她着一身純白的衣衫立在自己的城牆之上,白雲蔽日,清風渺渺。她便像那一縷輕煙,翩躚而舞,當自己真正想走近一視,卻已飄揚遠去,不帶痕跡。
我好想踏進她的城,可是大門緊閉,只能靜靜守望。
白芯蕊別過身去,將頭頂上的花帽取下放在手裡打量,俏臉上暈開淺淺紅緋,“此物甚是精緻,竟想不到你手工如此精巧。”
宋墨殊淺淺一笑,“喜歡便送你。”
白芯蕊一怔,“送我?”
宋墨殊微微點了點頭,眉宇間笑意盡顯,“因爲它之前答應過我一件事。”
“什麼?”
宋墨殊將白芯蕊明麗的鳳眸收入眼底,道,“它說,要幫我逗你開心。”
白芯蕊心底竟有一絲柔情不經意的悄悄蔓延,彷彿千紫萬紅開遍。臉上一涼,似有什麼東西落在臉頰。白芯蕊清醒過來,竟然飄起了絲絲春雨。
宋墨殊伸出手去,想幫白芯蕊拂去臉上的雨滴,卻被白芯蕊一閃躲開了。白芯蕊蹙着倩眉,驚奇地望着他。宋墨殊淡淡一笑,道,“不要誤會,只是見你失了神。”
竹椅上空搭在竹屋上有藤蔓遮成的蔽擋,斜雨打過來,竟氤氳在白芯蕊的臉上成了晶瑩的點綴。
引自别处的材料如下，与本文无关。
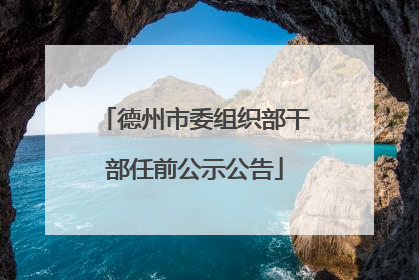 德州市委组织部干部任前公示公告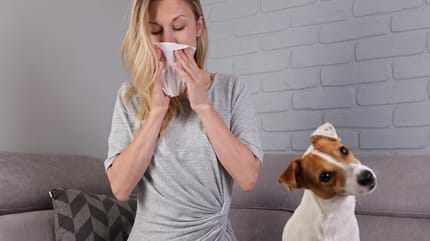 Alergia na psa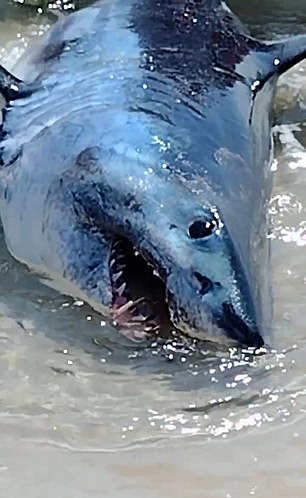 The shark was filmed baring its teeth at beachgoers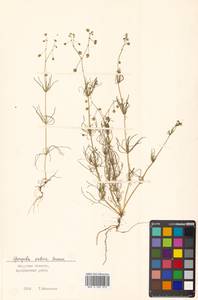 Spergula arvensis subsp. sativa (Boenn.) Celak., Сибирь, Дальний Восток (S6) (Россия)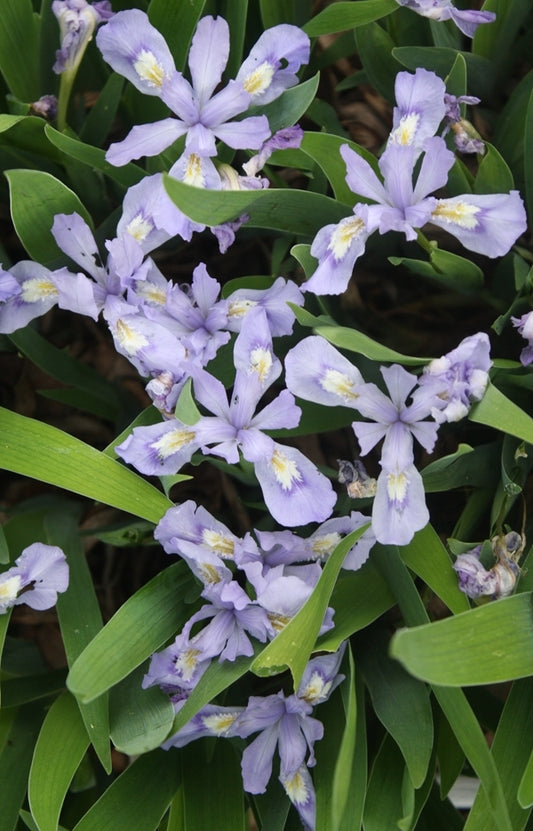 Image of Iris cristata 'Edgar Anderson' taken at Juniper Level Botanic Gdn, NC by JLBG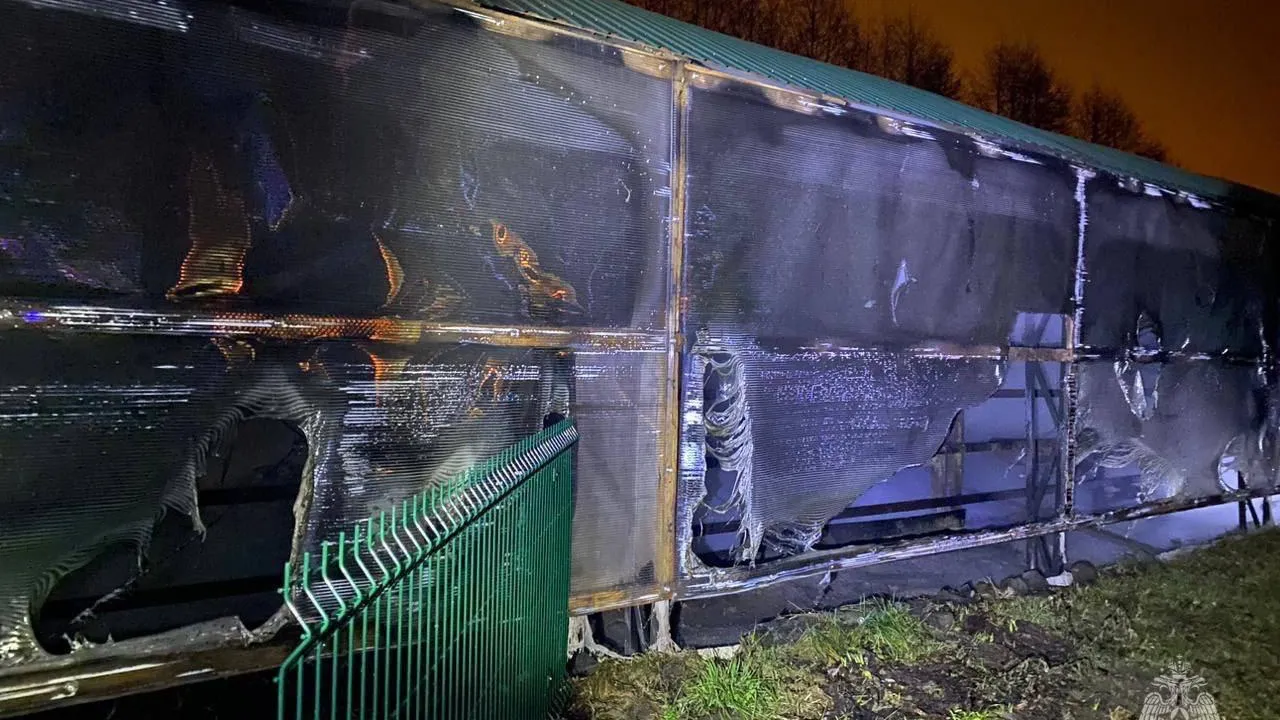 Сразу 6 зебр погибли в пожаре в зоопарке Белгородской области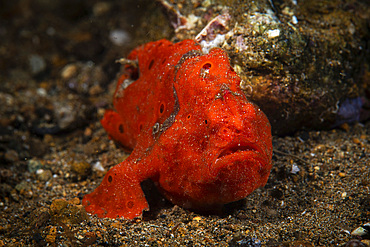 A painted frog fish stalks its prey blending in with sponges that are also the same color, Anilao, Philippines.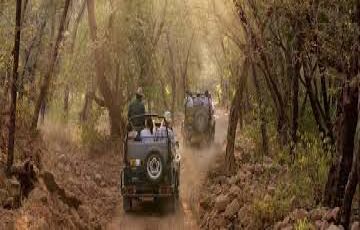 Heart-warming 4 Days Delhi to Jimcorbett Family Vacation Package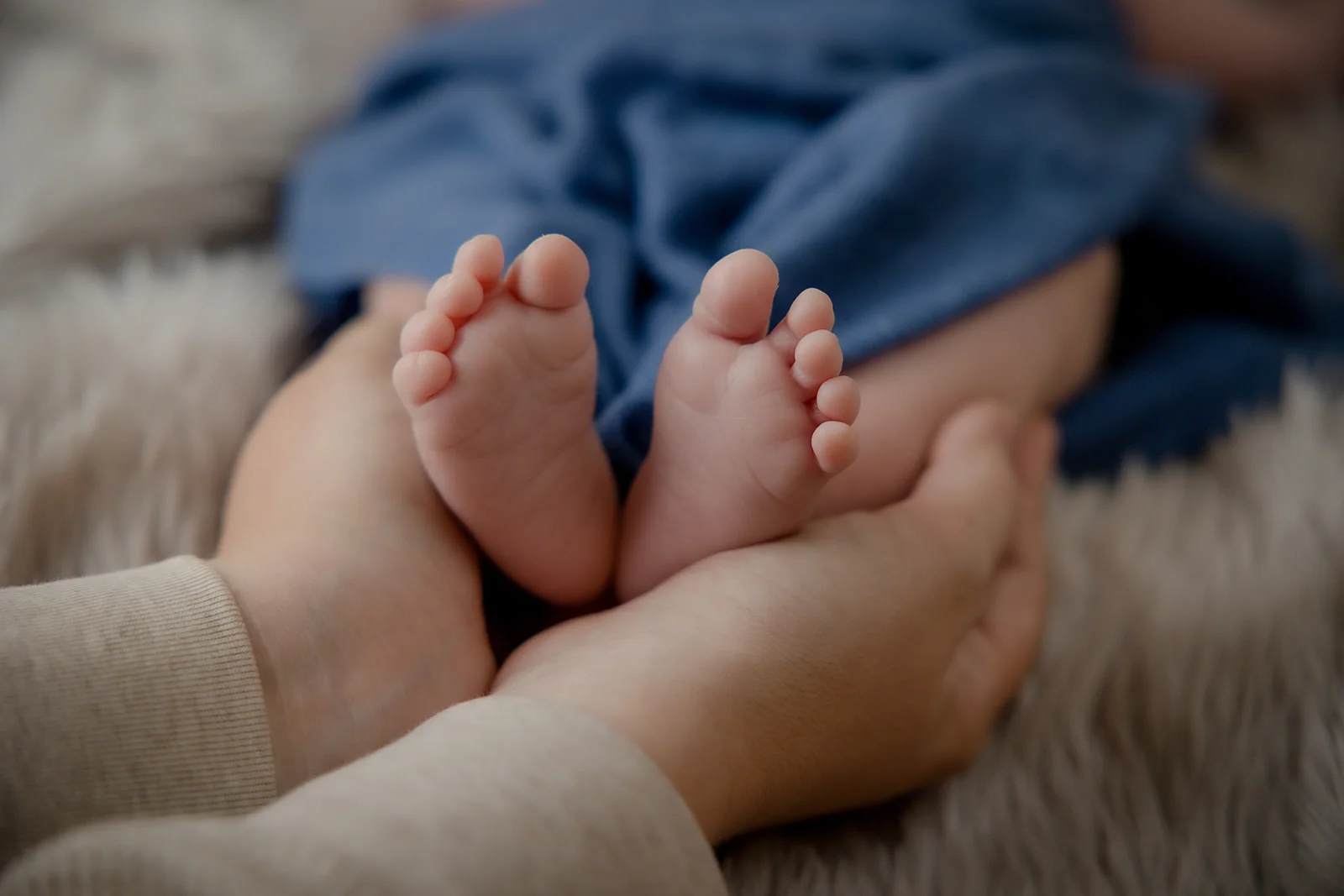 Signature Newborn Session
白芯蕊仍沉浸在那無法躲開的深情言訴裡,難以自拔。
不知過了多久,雨漸漸小了,周圍只剩下窸窸窣窣的落雨聲響徹心底。那滴滴的山雨墜落在綠草掩映的山地上,明澈得像一面毫無灰塵勾染的鏡子,映照出兩個明明相去甚遠卻彷彿彼此之間被何物所拉扯的影子。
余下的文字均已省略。